高杉晋作をご存知ですか?私自身は少し前まで、ほとんど気にも留めなかった明治時代の人物です。
ところが私が住んでいる品川宿の歴史に目を向けると、意外なところで高杉晋作とつながってきます。
旧東海道品川宿。この品川宿に幕末の志士たちが集まる旅籠屋「土蔵相模」がありました。
土蔵相模は品川でも有数の規模と格式を誇った妓楼で、高杉晋作、伊藤博文ら幕末の志士たちが密談を行った場所、隠れ家、尊王攘夷の拠点でした。
長州藩士は遠い遠い長州藩(山口)から徒歩で品川までやってきたのですね。
疲れた脚をここで休め、ちょっと遊び、密談したのでしょう。
文久2年の長州藩士による英国公使館焼き討ち事件の際は、ここ土蔵相模から藩士が出発しました。

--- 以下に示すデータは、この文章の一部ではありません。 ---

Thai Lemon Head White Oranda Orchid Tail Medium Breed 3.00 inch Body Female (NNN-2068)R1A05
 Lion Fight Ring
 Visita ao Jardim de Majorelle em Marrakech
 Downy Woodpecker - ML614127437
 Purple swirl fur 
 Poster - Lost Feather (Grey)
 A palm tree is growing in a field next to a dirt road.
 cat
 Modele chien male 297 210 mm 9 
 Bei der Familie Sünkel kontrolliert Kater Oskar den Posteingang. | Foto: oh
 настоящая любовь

リーダーは高杉晋作です。副リーダーは久坂玄蕃、火付け役が伊藤博文、井上馨という、錚々たるメンバーです。
幕府が建設している英国公使館はまだ建築途中で、夜中、人は誰もいませんでした。そこに火をつけ、、すぐさま撤収。
相模土蔵に戻って、今度は遠くで燃える英国大使館の炎を見ていたのかもしれません。
さて、高杉晋作の幕末での大活躍はご存知の通りです。
晋作は激動の幕末を走り抜け、その才能を発揮して活躍しましたが、29歳、明治の新しい時代を見ることなく、短くも激しい人生を終えました。
高杉晋作の辞世の句
「おもしろこともなき世をおもしろく すみなしものは心なりけり」
辞世の句の内容を斟酌するのは大変難しいところがありますが、
「面白いと思えることのない世の中を面白く。それを決めるのは自分の心ひとつだ」
「心のありようで世界は面白くもなるしつまらなくもなる、心の持ち方、心の有り様でいかようにも世界を捉えられる」
下の句の「すみなしものは心なりけり」は病床の高杉に代わり、福岡の勤王女流歌人・野村望東尼が結んだといわれています。
面白くもない世の中を面白くしてきた、という高杉晋作に対して、つまりすべては心の持ちようだ、と返したのです。